Oral spray device testing connects the pump, actuator, nozzle, formulation, dose volume, and user interface to measurable spray performance. USP <601>, ISO 13320, and FDA nasal / inhalation spray guidance concepts help frame droplet size, spray geometry, emitted dose, and use-condition collection when no single oral-spray standard governs the product. Testing supports decisions when:
- PSD testing compares oral spray formulations, pumps, and nozzles using ISO 13320 laser diffraction or aerodynamic sizing when respirable aerosol is a concern.
- Spray pattern and plume geometry document actuator, nozzle, or viscosity changes for FDA comparability and product-quality documentation.
- Dose uniformity and emitted dose studies quantify actuation-to-actuation output, priming state, and orientation effects under USP <601> concepts.
- Breathing simulation evaluates mouthpiece geometry, inhalation timing, and oral fixture collection using USP <601> and FDA use-condition framing.

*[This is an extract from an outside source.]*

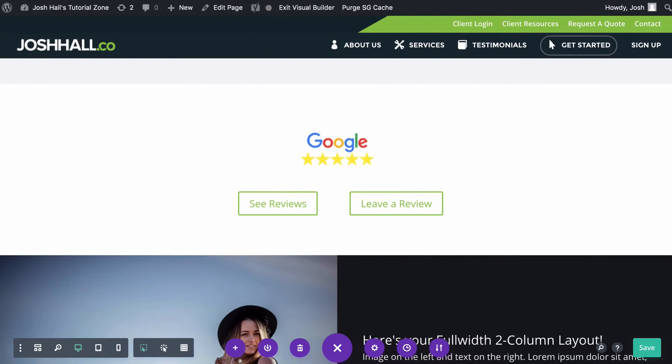Hey everybody, it's Josh here. I've got a fun, quick, and very handy little tutorial for you here.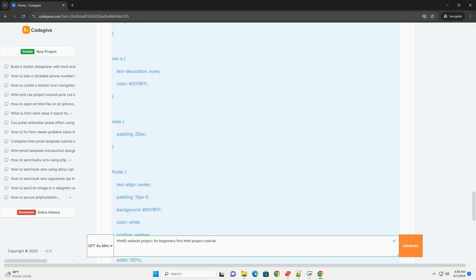By the end, you will have a functional and aesthetically pleasing web page, laying a solid foundation for more advanced topics like JavaScript and responsive design.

- Stability pulls track PSD, plume, emitted dose, clogging, and residue effects after ICH Q1A storage or product-specific aging conditions.
Use oral spray testing when droplet size, plume direction, dose consistency, or user coordination could change delivered material. A defined protocol locks the actuation sequence, oral-interface geometry, collection endpoint, assay plan, and acceptance logic before samples arrive.